*WHAT YOU WILL DO*: Copy the records below line by line and word for word, from the very first line through the line with "Mole Vaporization Before", omitting each picture.

*DATA FOR THE TASK*:

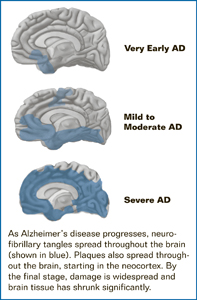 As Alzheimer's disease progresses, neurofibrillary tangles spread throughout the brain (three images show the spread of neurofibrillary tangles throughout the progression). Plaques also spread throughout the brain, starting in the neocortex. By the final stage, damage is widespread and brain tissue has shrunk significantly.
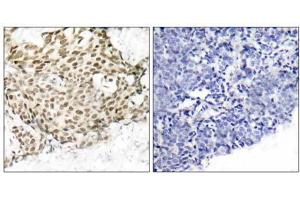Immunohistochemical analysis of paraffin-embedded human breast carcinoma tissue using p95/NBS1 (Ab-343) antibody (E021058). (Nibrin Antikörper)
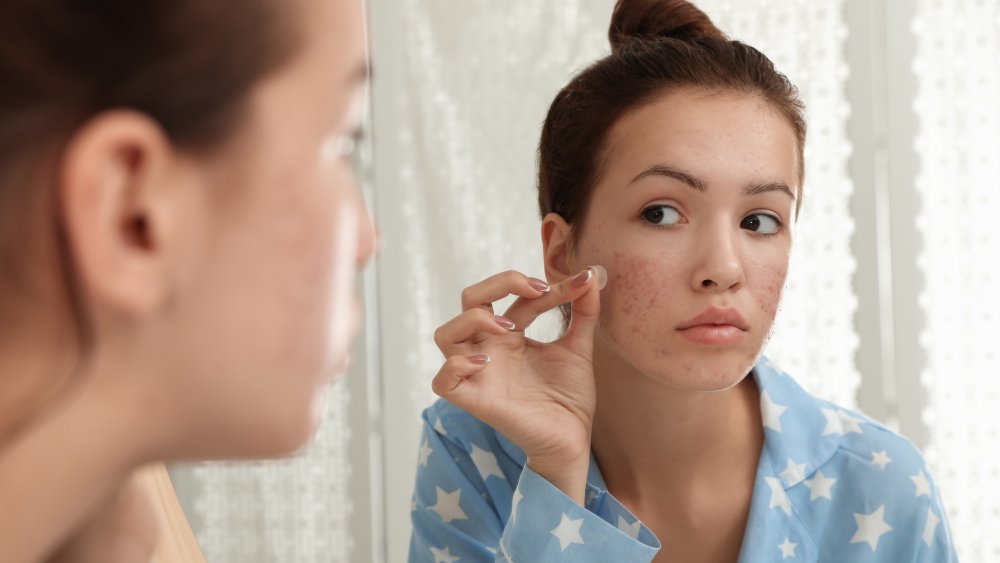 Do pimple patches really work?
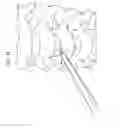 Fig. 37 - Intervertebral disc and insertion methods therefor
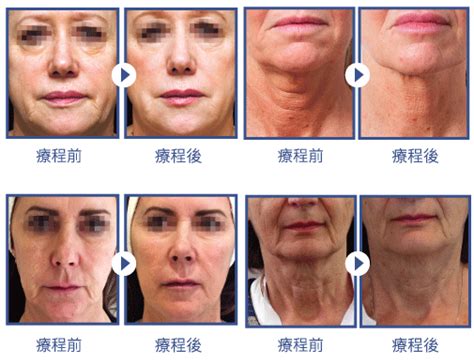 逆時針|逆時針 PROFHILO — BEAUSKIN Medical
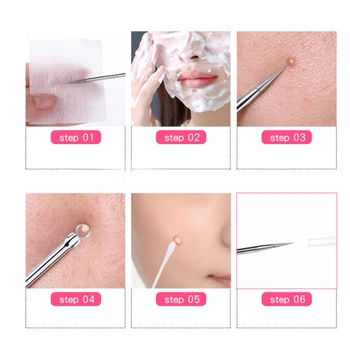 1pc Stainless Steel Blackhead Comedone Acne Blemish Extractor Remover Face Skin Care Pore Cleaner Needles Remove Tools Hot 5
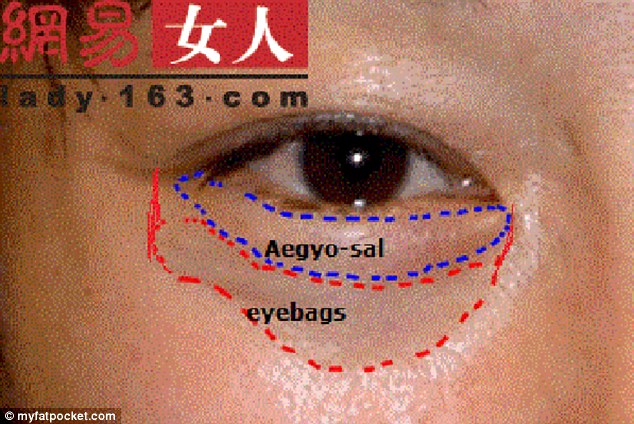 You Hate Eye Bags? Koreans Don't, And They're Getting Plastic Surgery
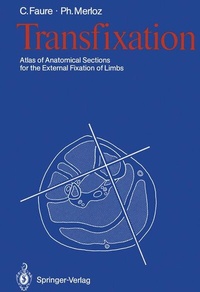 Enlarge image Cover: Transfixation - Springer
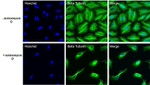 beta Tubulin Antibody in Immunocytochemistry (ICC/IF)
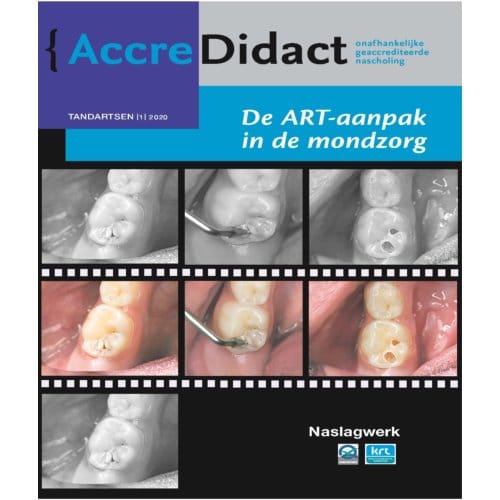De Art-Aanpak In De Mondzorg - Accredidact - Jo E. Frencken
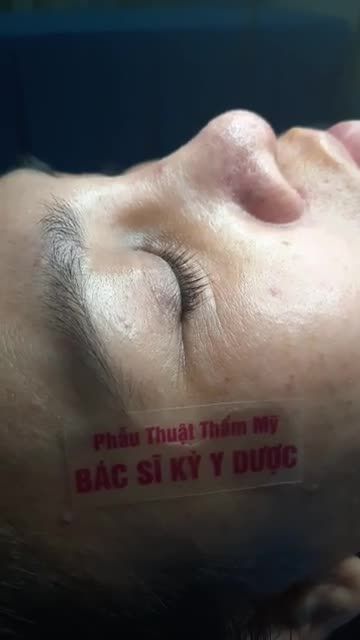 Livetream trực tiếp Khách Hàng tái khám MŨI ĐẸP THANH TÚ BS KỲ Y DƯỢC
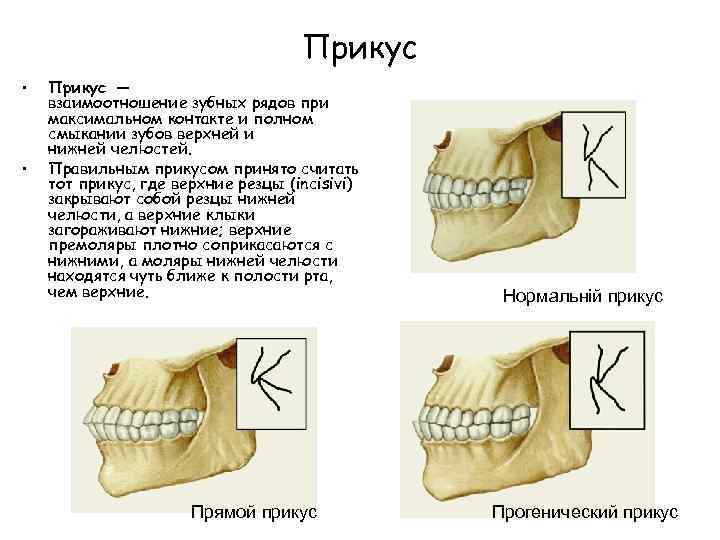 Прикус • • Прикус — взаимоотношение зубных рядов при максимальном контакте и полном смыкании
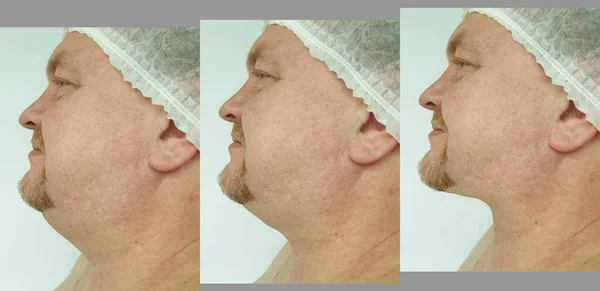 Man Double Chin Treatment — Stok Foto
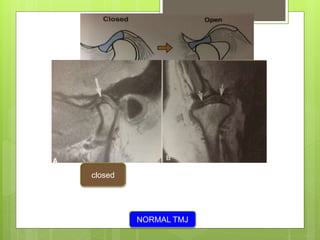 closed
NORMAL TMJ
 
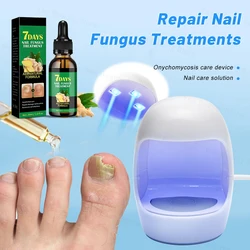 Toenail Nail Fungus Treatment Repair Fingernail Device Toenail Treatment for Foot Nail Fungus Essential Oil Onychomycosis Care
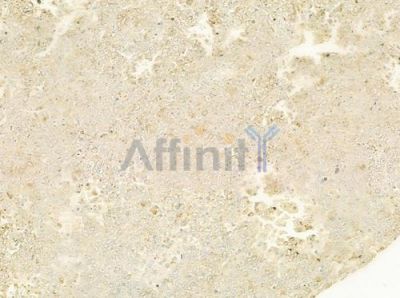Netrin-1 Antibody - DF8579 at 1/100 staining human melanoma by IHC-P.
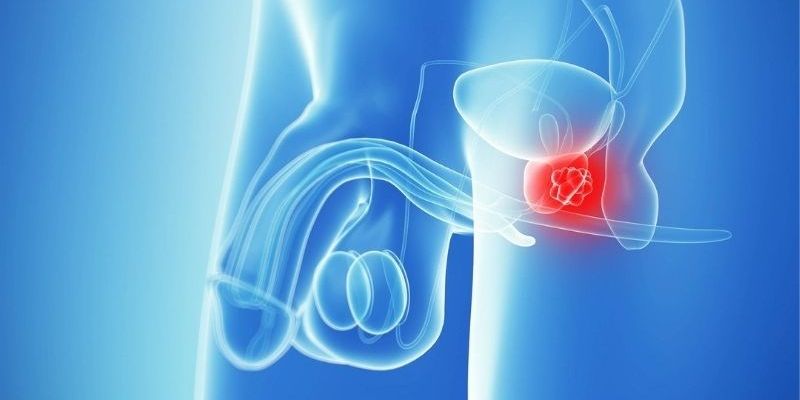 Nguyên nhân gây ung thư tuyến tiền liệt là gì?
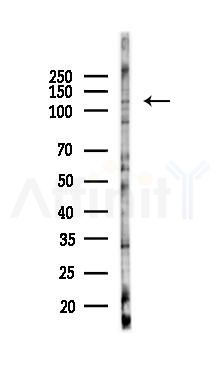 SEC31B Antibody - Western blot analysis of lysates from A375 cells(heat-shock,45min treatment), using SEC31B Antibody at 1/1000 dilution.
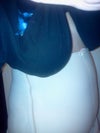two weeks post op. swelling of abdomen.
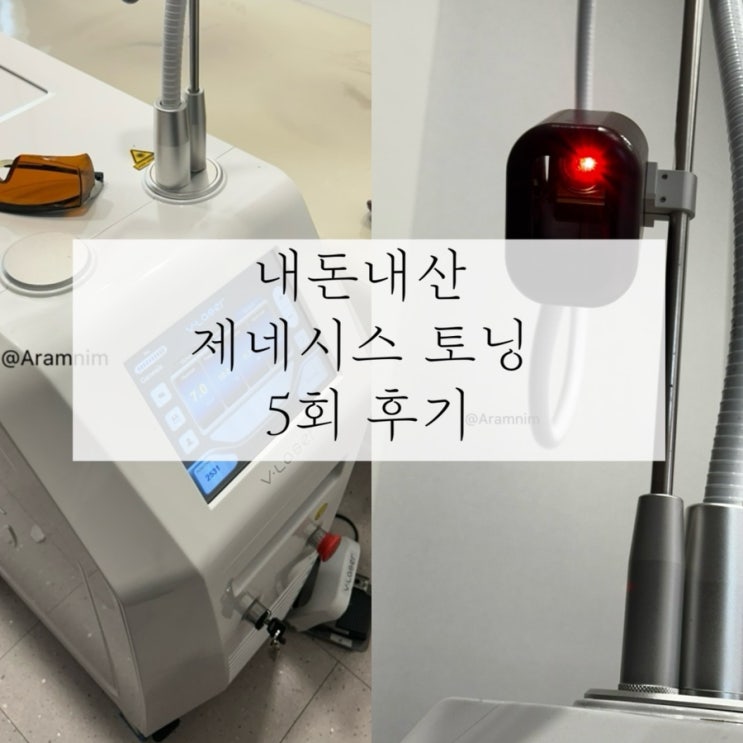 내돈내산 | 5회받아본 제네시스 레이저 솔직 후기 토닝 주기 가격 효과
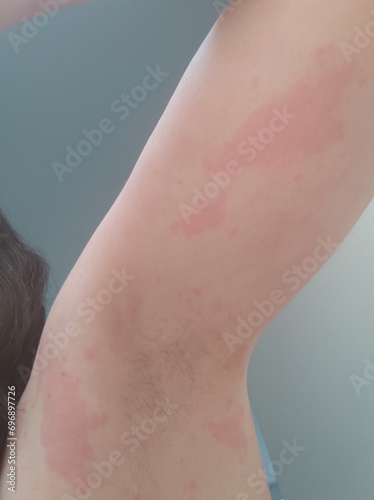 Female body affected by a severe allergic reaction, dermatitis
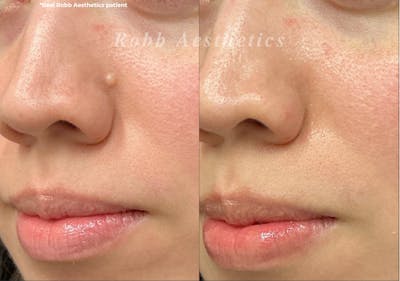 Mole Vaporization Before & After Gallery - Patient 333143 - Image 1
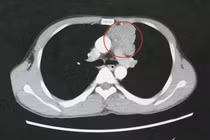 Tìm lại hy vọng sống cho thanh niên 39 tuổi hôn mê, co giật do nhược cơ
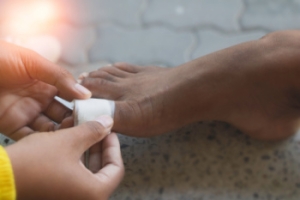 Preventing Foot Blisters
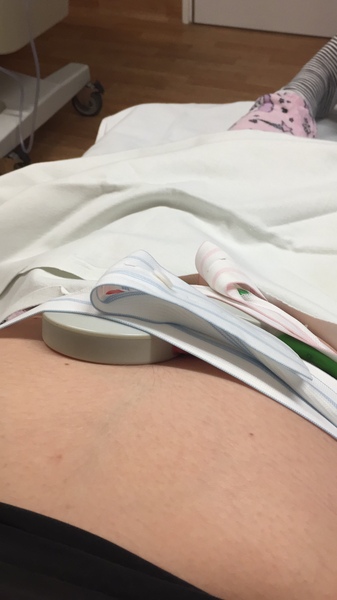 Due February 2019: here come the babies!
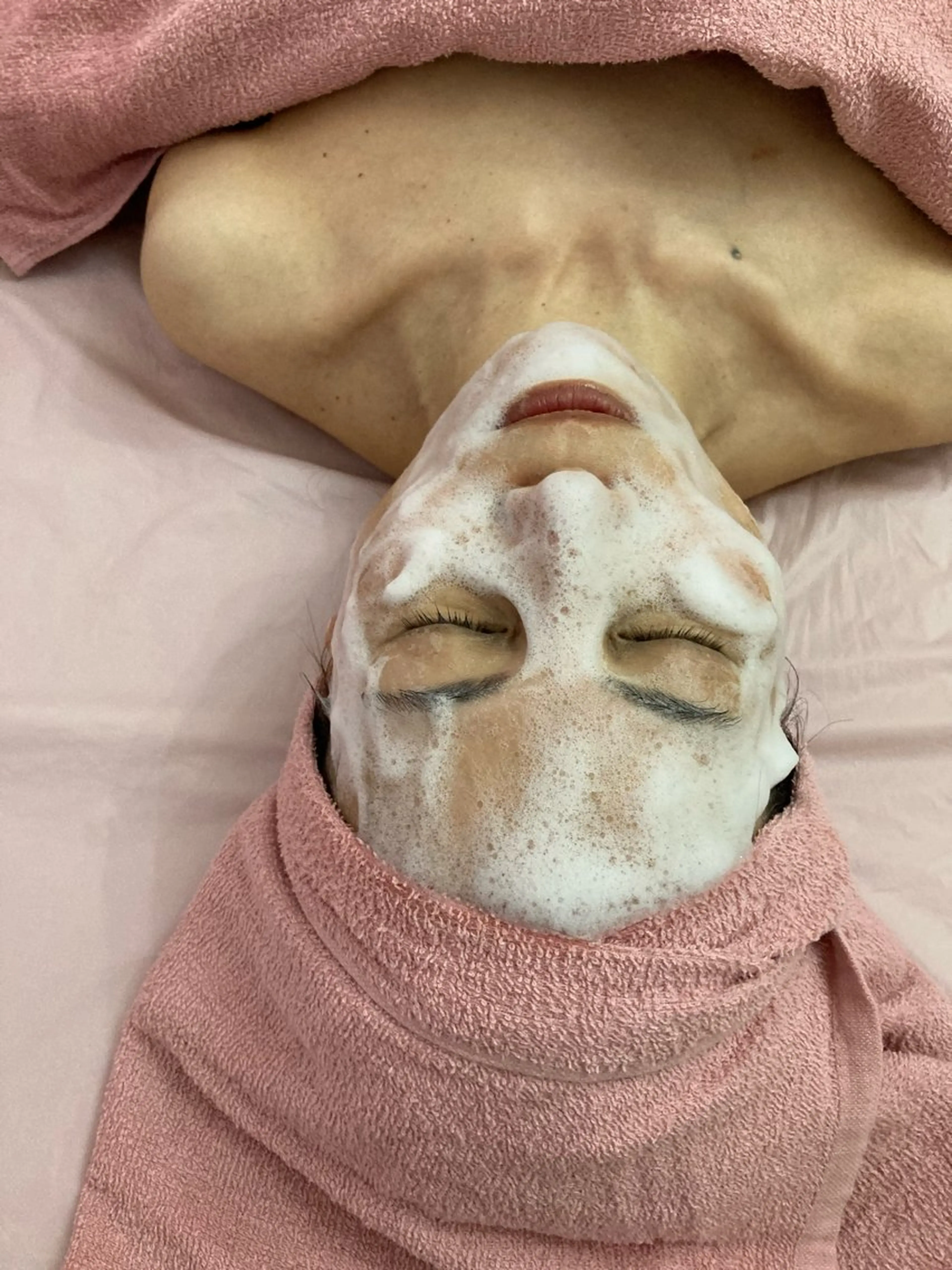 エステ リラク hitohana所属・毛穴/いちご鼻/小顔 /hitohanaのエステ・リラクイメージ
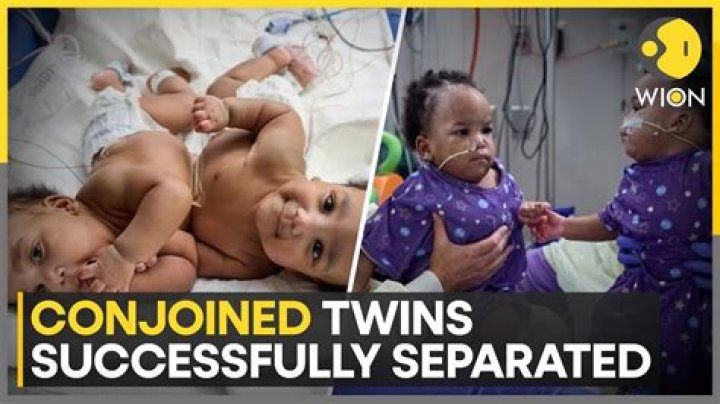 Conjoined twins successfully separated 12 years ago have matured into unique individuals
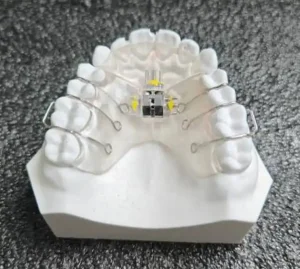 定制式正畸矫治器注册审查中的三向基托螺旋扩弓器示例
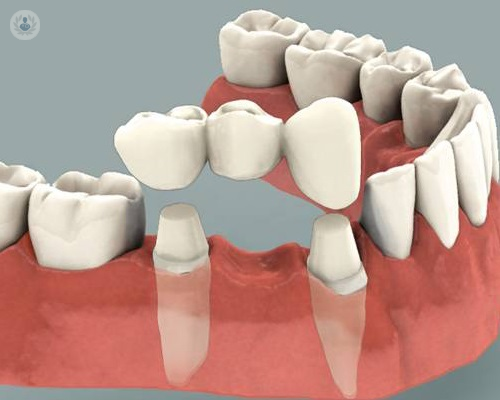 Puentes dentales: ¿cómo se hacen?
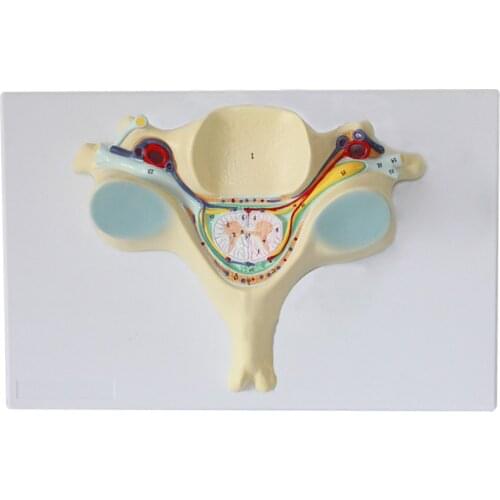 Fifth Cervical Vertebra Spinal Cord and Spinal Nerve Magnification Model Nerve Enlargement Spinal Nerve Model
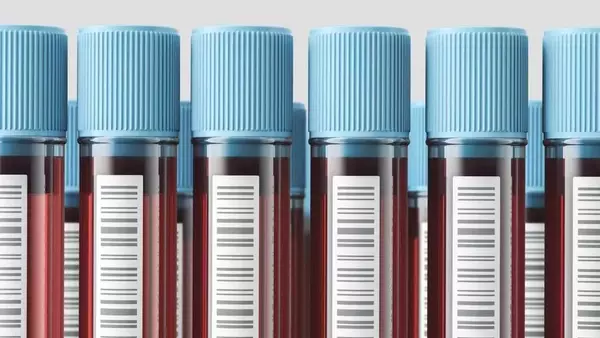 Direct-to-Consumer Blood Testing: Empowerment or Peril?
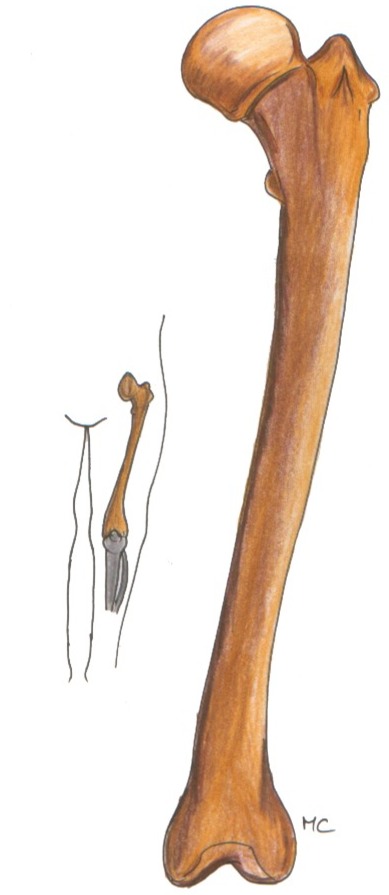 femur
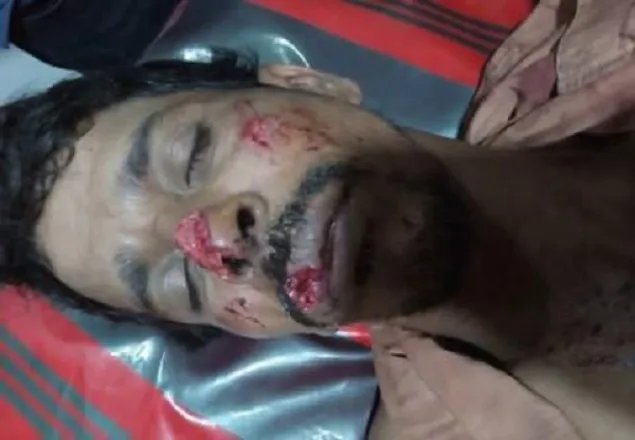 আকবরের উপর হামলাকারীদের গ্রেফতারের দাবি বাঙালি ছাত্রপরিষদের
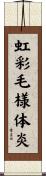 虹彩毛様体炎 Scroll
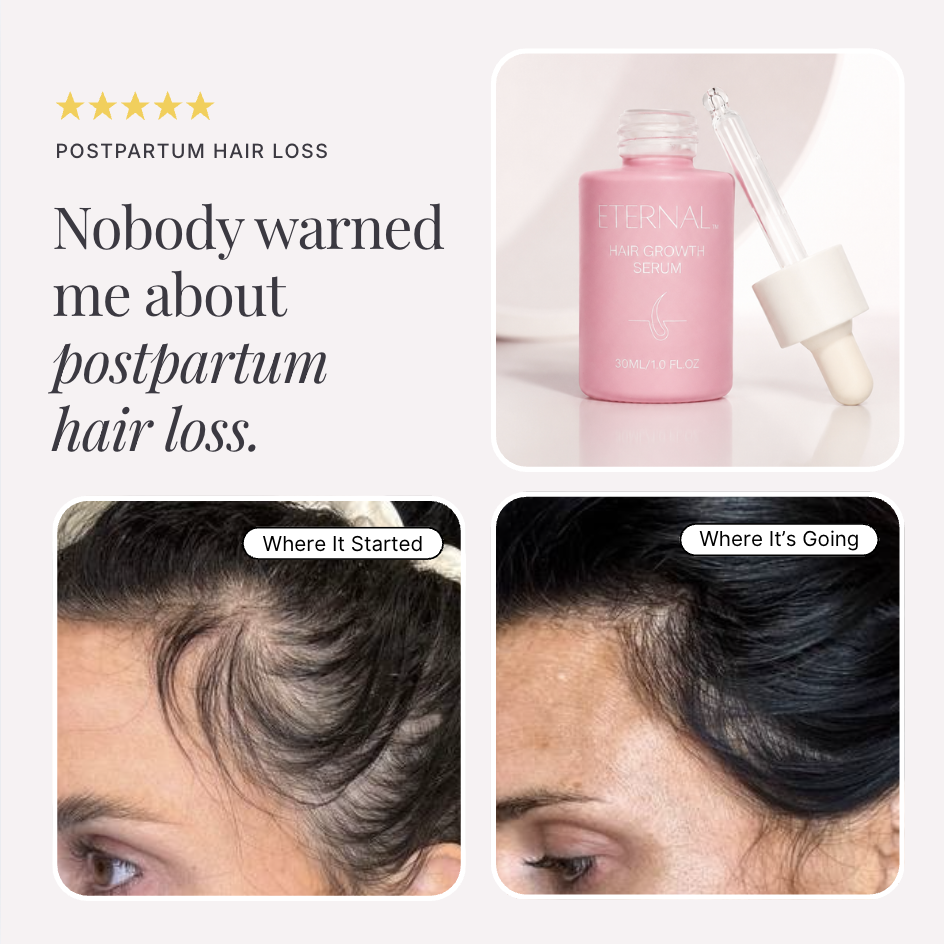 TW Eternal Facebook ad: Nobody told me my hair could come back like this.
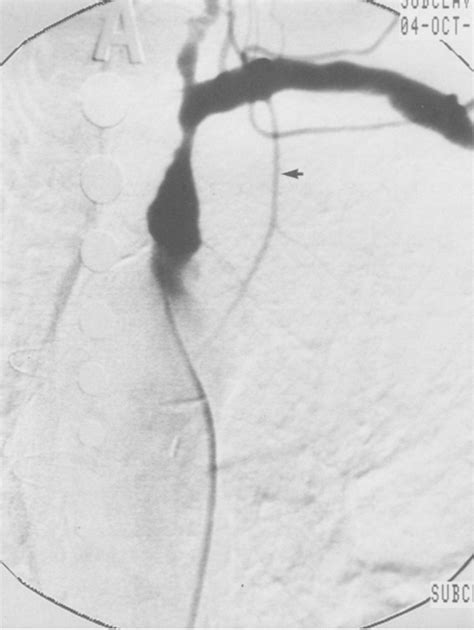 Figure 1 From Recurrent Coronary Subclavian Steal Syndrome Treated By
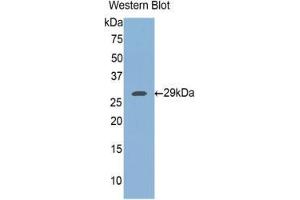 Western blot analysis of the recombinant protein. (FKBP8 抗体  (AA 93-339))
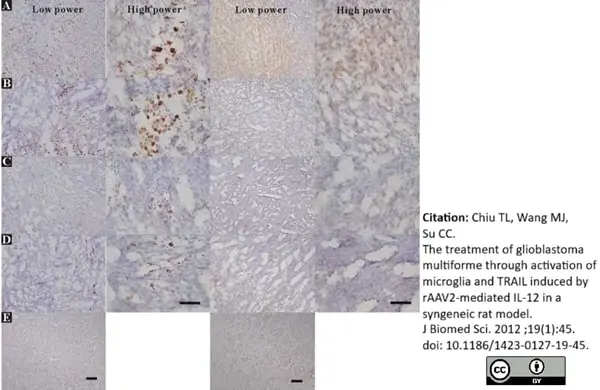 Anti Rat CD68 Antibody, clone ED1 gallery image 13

*YOUR RESPONSE*:
 As Alzheimer's disease progresses, neurofibrillary tangles spread throughout the brain (three images show the spread of neurofibrillary tangles throughout the progression). Plaques also spread throughout the brain, starting in the neocortex. By the final stage, damage is widespread and brain tissue has shrunk significantly.
Immunohistochemical analysis of paraffin-embedded human breast carcinoma tissue using p95/NBS1 (Ab-343) antibody (E021058). (Nibrin Antikörper)
 Do pimple patches really work?
 Fig. 37 - Intervertebral disc and insertion methods therefor
 逆時針|逆時針 PROFHILO — BEAUSKIN Medical
 1pc Stainless Steel Blackhead Comedone Acne Blemish Extractor Remover Face Skin Care Pore Cleaner Needles Remove Tools Hot 5
 You Hate Eye Bags? Koreans Don't, And They're Getting Plastic Surgery
 Enlarge image Cover: Transfixation - Springer
 beta Tubulin Antibody in Immunocytochemistry (ICC/IF)
De Art-Aanpak In De Mondzorg - Accredidact - Jo E. Frencken
 Livetream trực tiếp Khách Hàng tái khám MŨI ĐẸP THANH TÚ BS KỲ Y DƯỢC
 Прикус • • Прикус — взаимоотношение зубных рядов при максимальном контакте и полном смыкании
 Man Double Chin Treatment — Stok Foto
 closed
NORMAL TMJ
 
 Toenail Nail Fungus Treatment Repair Fingernail Device Toenail Treatment for Foot Nail Fungus Essential Oil Onychomycosis Care
Netrin-1 Antibody - DF8579 at 1/100 staining human melanoma by IHC-P.
 Nguyên nhân gây ung thư tuyến tiền liệt là gì?
 SEC31B Antibody - Western blot analysis of lysates from A375 cells(heat-shock,45min treatment), using SEC31B Antibody at 1/1000 dilution.
two weeks post op. swelling of abdomen.
 내돈내산 | 5회받아본 제네시스 레이저 솔직 후기 토닝 주기 가격 효과
 Female body affected by a severe allergic reaction, dermatitis
 Mole Vaporization Before & After Gallery - Patient 333143 - Image 1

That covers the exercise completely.